Немецкие революционеры, принося извинения, будут говорить, что они приняли такое наследие. На это им надо возражать: если старая система несет ответственность за военный крах, то новая – за этот мир. Революция начала свое господство с лозунга, что теперь открыты все пути для способных людей, которые были бы обязаны своим положением не происхождению, а своему таланту, своему уму, своим силам, почерпнутым из своих прав, как и полагается демократу. Итак, от революции и ее детища можно было ожидать способных людей. Но революционеры и революционные демократы в лучшем случае продемонстрировали только свою добросовестную посредственность и чистосердечную нерешительность, покорную недостаточность. Революция и республика не произвели на свет ни одного гения, они породили только соглашателей: терпеливых людей вместо людей дела; избитых, а не нападающих; осторожных, но не смелых; безмятежных, но не беспокойных – и ни в коем случае не творческих. Революционная республика стала копией идей, порожденных в девятнадцатом веке, в ее конституции мы не найдем ни одной немецкой идеи, кроме максимально нежелательного народного референдума. Если обратиться к коммунизму, то даже в беспорядке марксистских теорий и большевистских догм можно найти по меньшей мере несколько намеков на немецкие понятия: корпоративные представления анархо-синдикализма, средневековые идеи, позаимствованные из времен Крестьянской войны и Томаса Мюнцера. В коммунизме можно найти больше попыток обратиться к предшественникам, одновременно взбудоражить мир и кровно срастись с ним. Немецкие демократы, которые благодаря революции установили республиканское господство, остались абсолютными демагогами: бездарность этих революционных республиканцев, которые не способны при помощи западных или восточных идей решить немецкие проблемы, убедила нас, что именно им мы обязаны своей трагической и то же время банальной участью, которая нам ниспослана в течение этих лет.

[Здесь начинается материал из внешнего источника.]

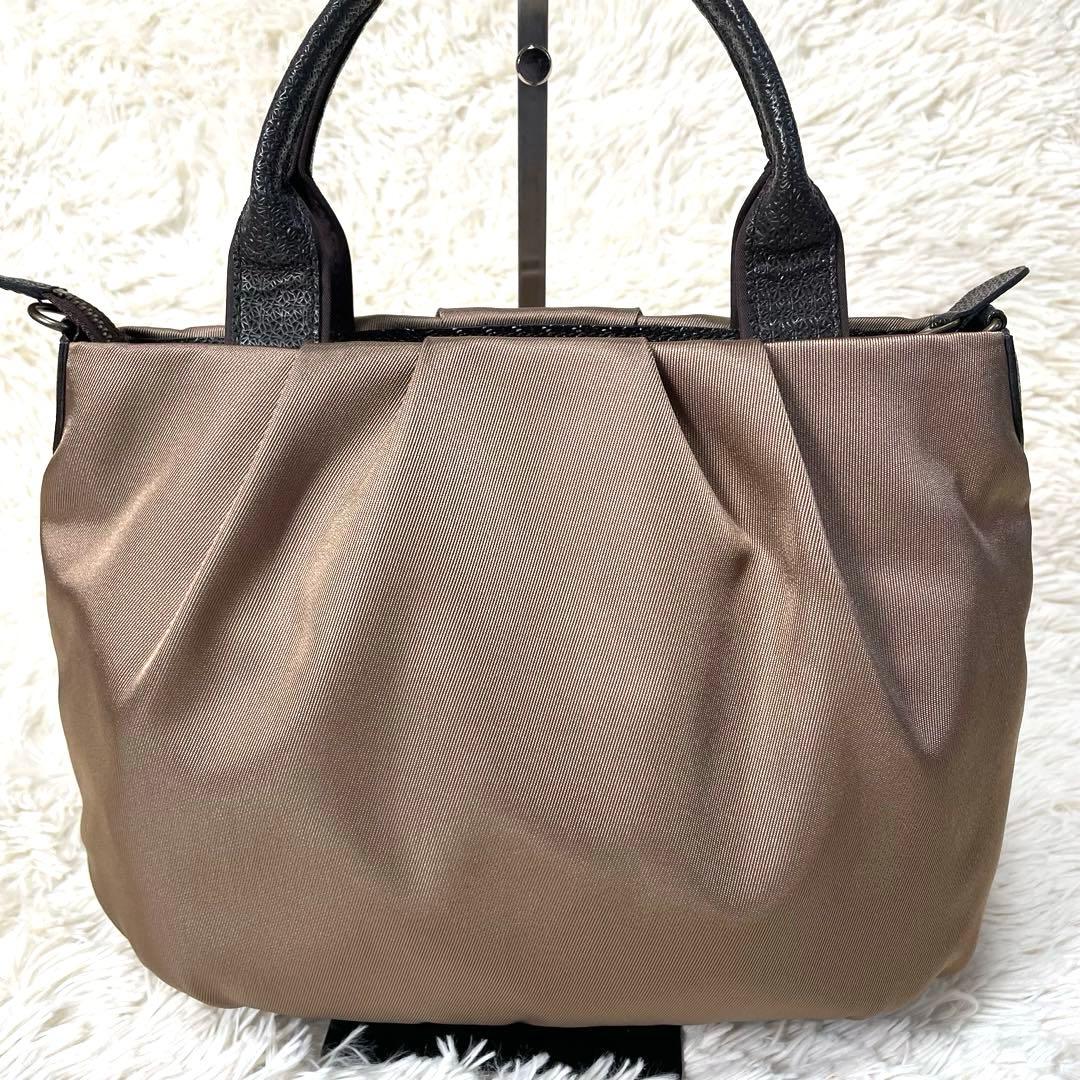 【美品】 IBIZA 2wayショルダーバッグ ベージュ　ポンパ　イビサ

Немецкие революционные демократы даже горды своей бездарностью. Они похваляются своей всесторонней уступчивостью, которая положила конец революции. Они считают своей заслугой, что по первому же требованию готовы сказать «Да! Тогда мы по-другому стали уклоняться от исполнения наших обязательств. Мы попытались успокоиться. Мы воздерживались от политических страстей. Мы взывали к немецкому терпению. Мы не отрицали, что долговые требования, предъявленные нам союзниками в соответствии с мирным договором, были действительно невыполнимыми. Но мы пытались согласиться с невыполнимым, чтобы по крайней мере сделать его выполнимым. Мы считали, что занимались политикой, когда делали невозможное там возможным здесь. Нам не хватало мужества признаться, что когда невозможное лежит в основе требований, то для возможного нет даже предпосылок. Откладывали изо дня в день разговор, который должен был начаться с принципиального «Нет!». Между тем мы сносили все требования. Мы начали настаивать, только когда оказались прижатыми к стенке. Мы показали нашим врагам пустые карманы: пустые от денег и идей.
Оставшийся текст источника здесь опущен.